Mr.Z · June 3, 2019, 9:49am

In my layer class, there is a value tensor, an index tensor, and a kernel tensor. In the forward function I use scatter_add to add the value to kernel according to the index. Then the kernel is used as the convolution kernel to perform convolution, my layer class looks like this:

class MyLayer(nn.Module):
  def __init__(self, C_in, C_out):
    super(MyLayer, self).__init__()

    self.C_in = C_in
    self.C_out = C_out

    self.value = nn.Parameter(...)
    self.register_buffer('inds', ...)
    self.register_buffer('kernel', torch.zeros(self.C_in * self.C_out * 1 * 1))

  def forward(self, x, p):
    value = self.value * p
    kernel = self.kernel.scatter_add(0, self.inds, value)
    kernel = kernel.view(self.C_in, self.C_out, 1, 1)

    out = F.conv2d(x, kernel, stride=1)

    return out

However, when I wrap my network with nn.DataParallel and training on 2 GPUs, I observe a doubled forward time compared with single GPU. Could someone tell me why my layer becomes even slower with multi-GPU, and how to modify it to work with nn.DataParallel?

pietern · June 24, 2019, 6:21am

Nothing in the code you pasted looks particularly slow.

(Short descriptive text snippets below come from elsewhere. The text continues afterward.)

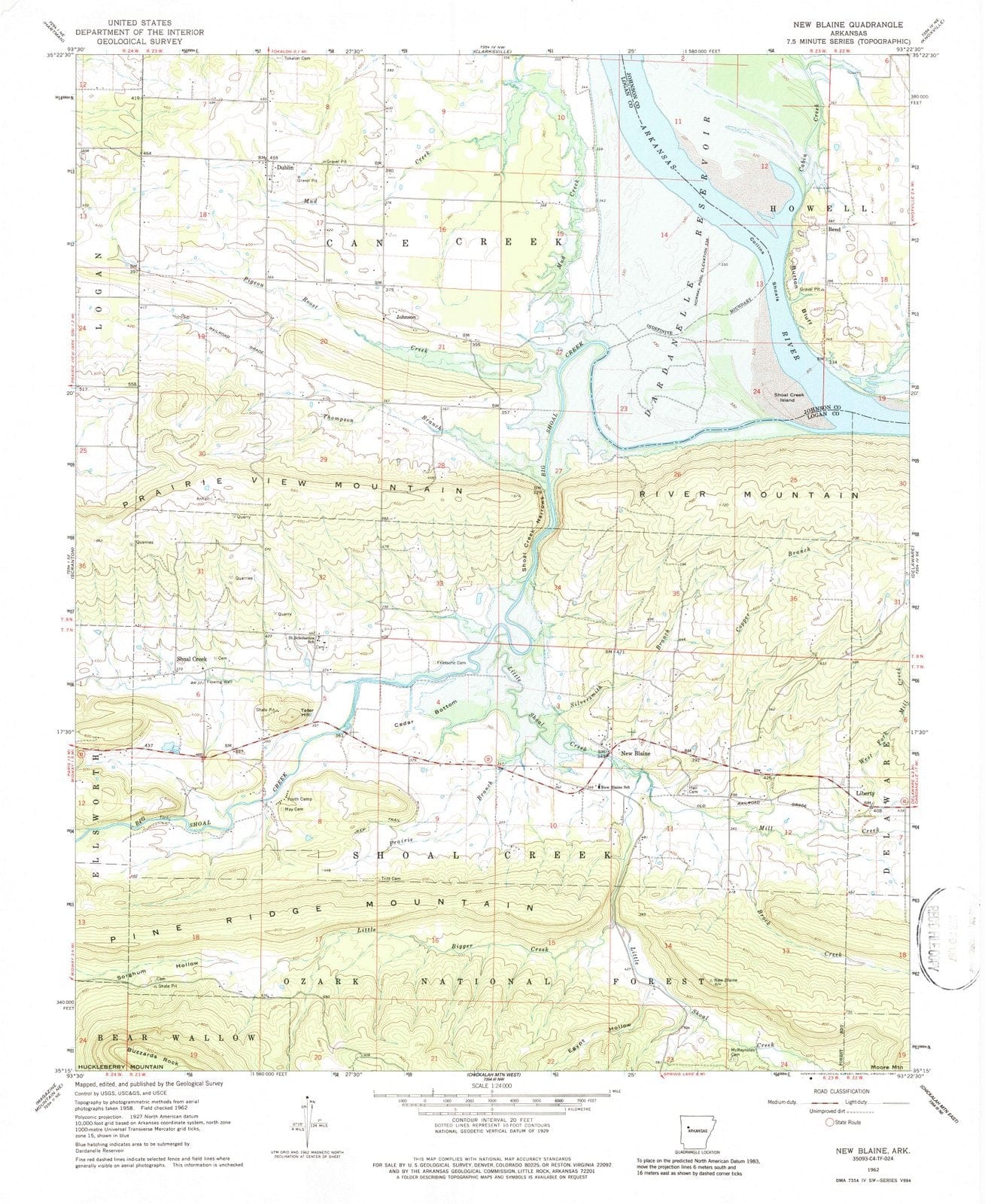1962 New Blaine, AR - Arkansas - USGS Topographic Map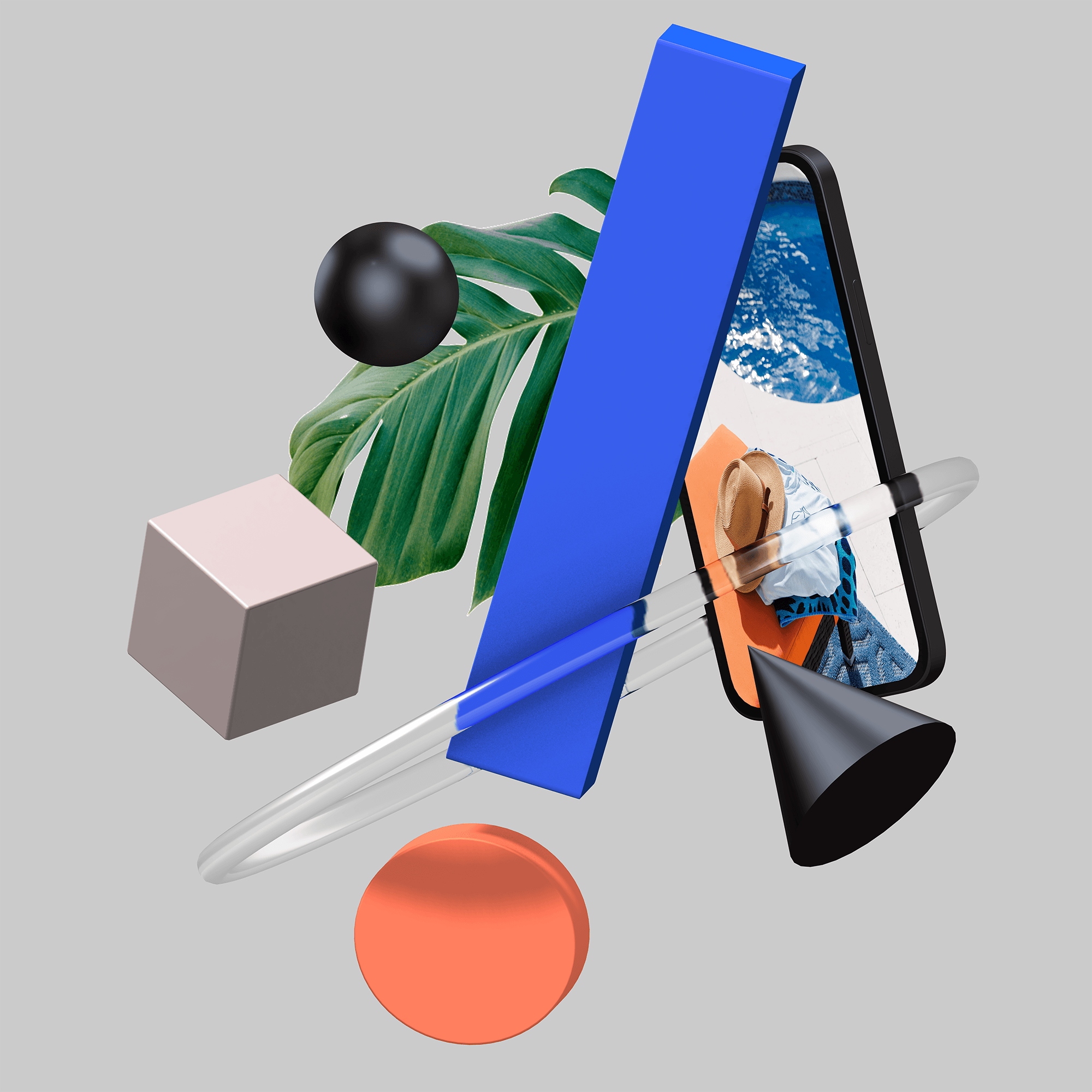Arrangement of geometric shapes, a smartphone with a stylus, a leaf, and a black cone on a gray background.
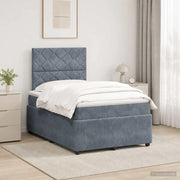 Letto Box Spring LED con Materasso Grigio Scuro 120 x 190 cm 3456036
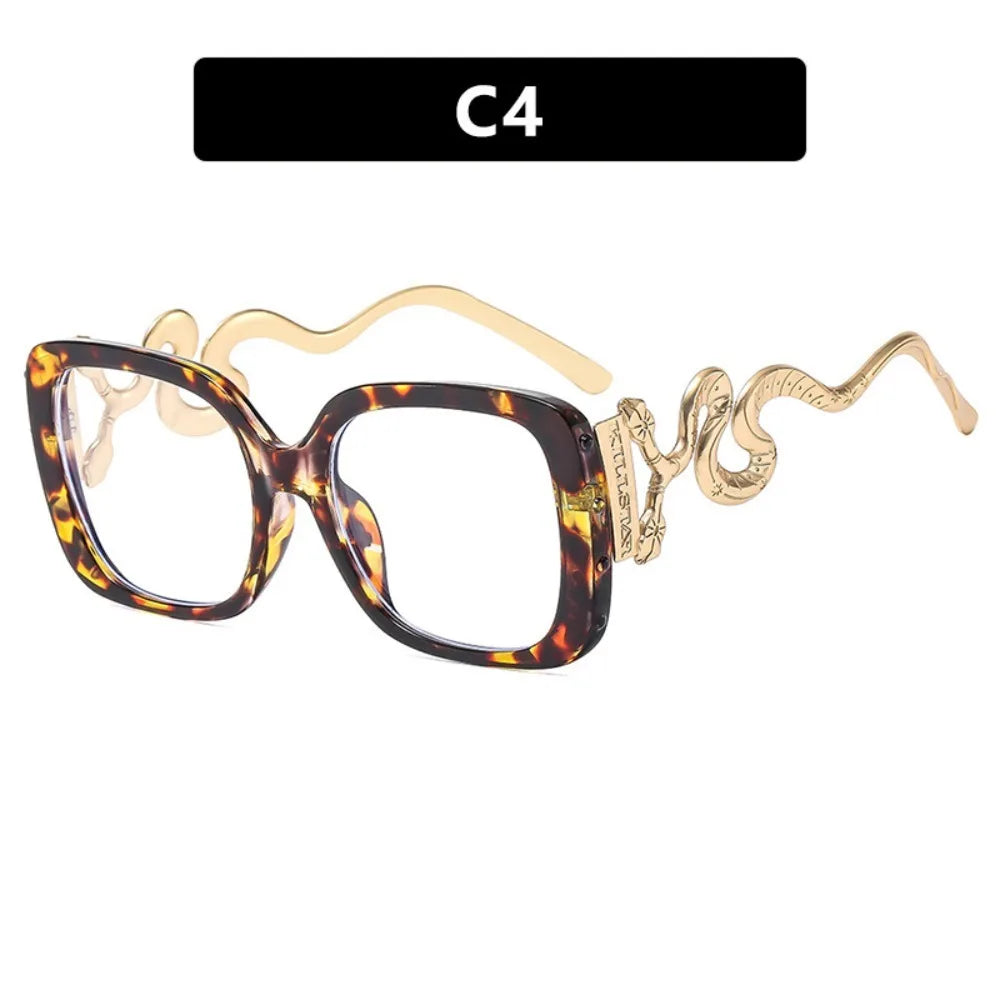 Retro Large Frame Woman Eyeglasses Square Shape Flat Mirror Square Glasses Frame Snake Leg Personalized Glasses Frame for Women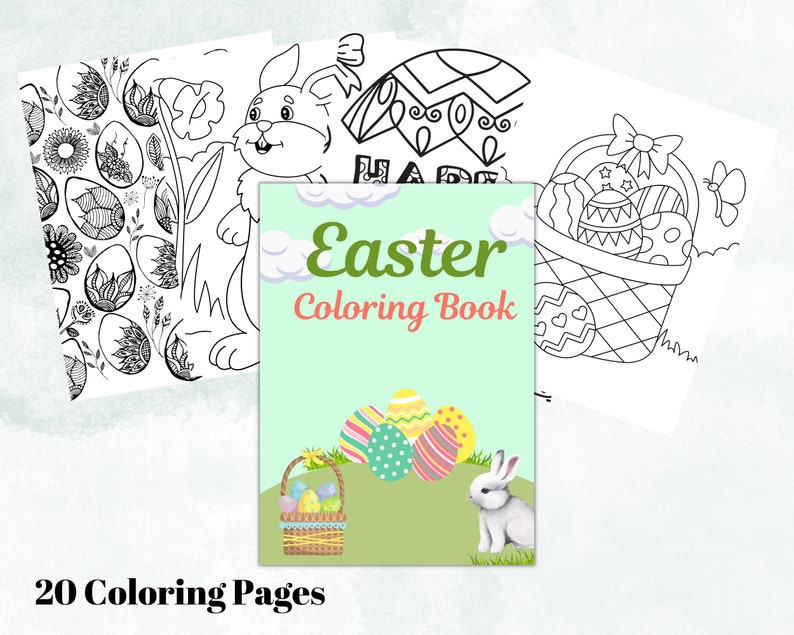 Easter Coloring Book for Kids Printable Coloring Book 20 Pages Digital ...
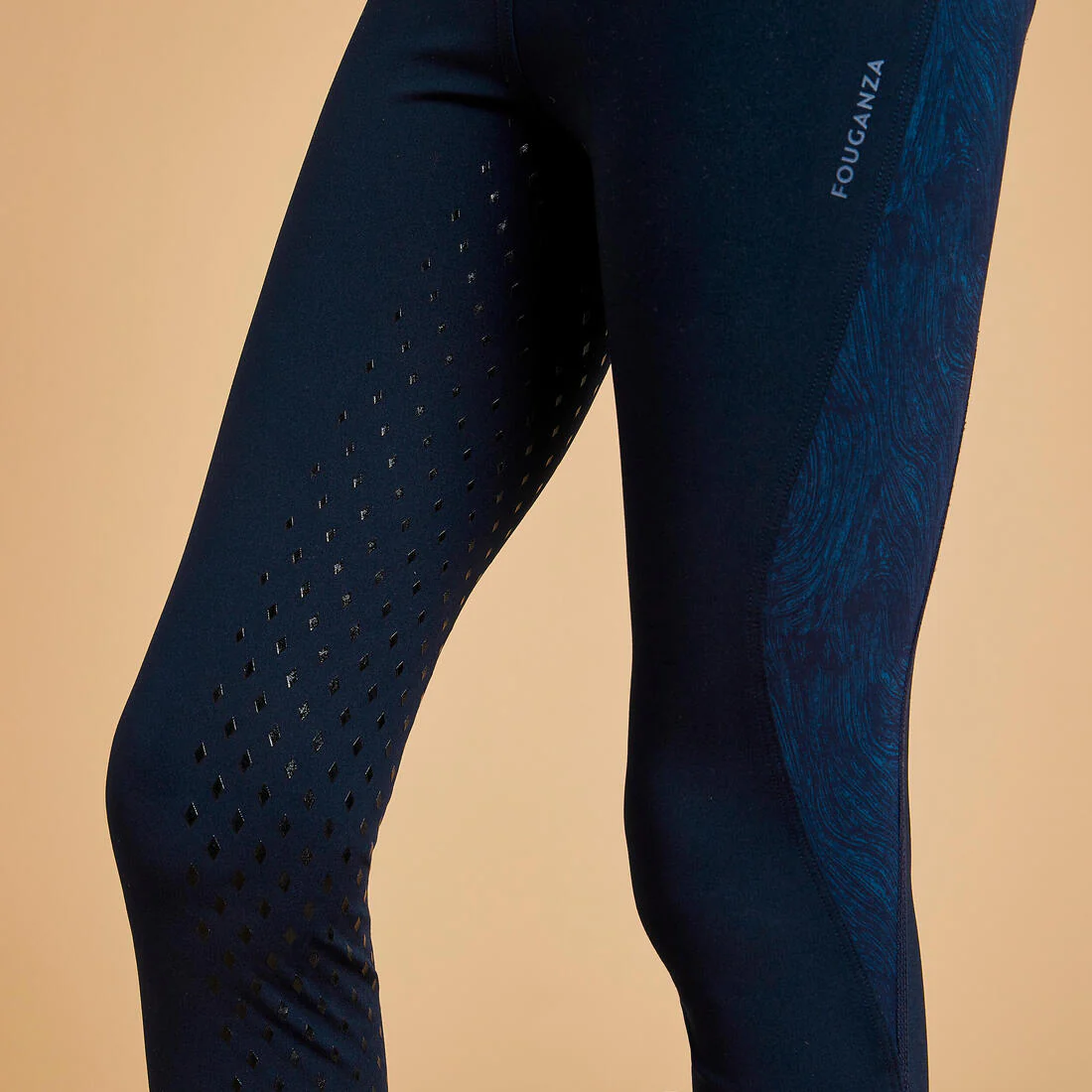 Kids' Horse Riding Leggings/Tights Fullgrip 500 - Navy Print - Image 5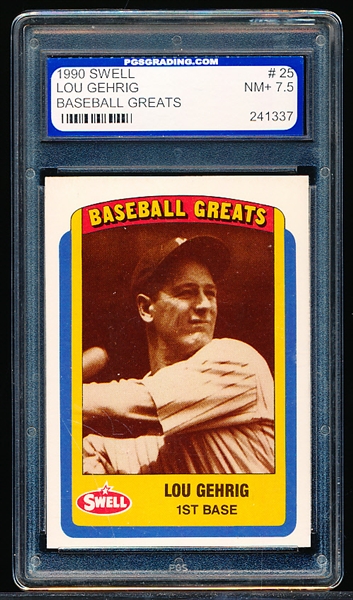 1990 Swell Baseball Greats- #25 Lou Gehrig- PGS Grading NM+ 7.5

Perhaps the larger model you’re using contains many small layers/kernels? The nn.DataParallel wrapper replicates a module to N devices and runs forward on each of them. This overhead can dominate the runtime if your model is very small or has many very small kernels.

Mr.Z · June 24, 2019, 6:53am

Thanks for your advice. Yes, there are many small kernels in my network, actually I found it extremely slow when the batch size is small. Looks like with small batch size the runtime of scatter_add becomes the bottleneck (which can not be accelerated by nn.DataParallel), and when the batch size increases the nn.DataParallel begins to speed up training.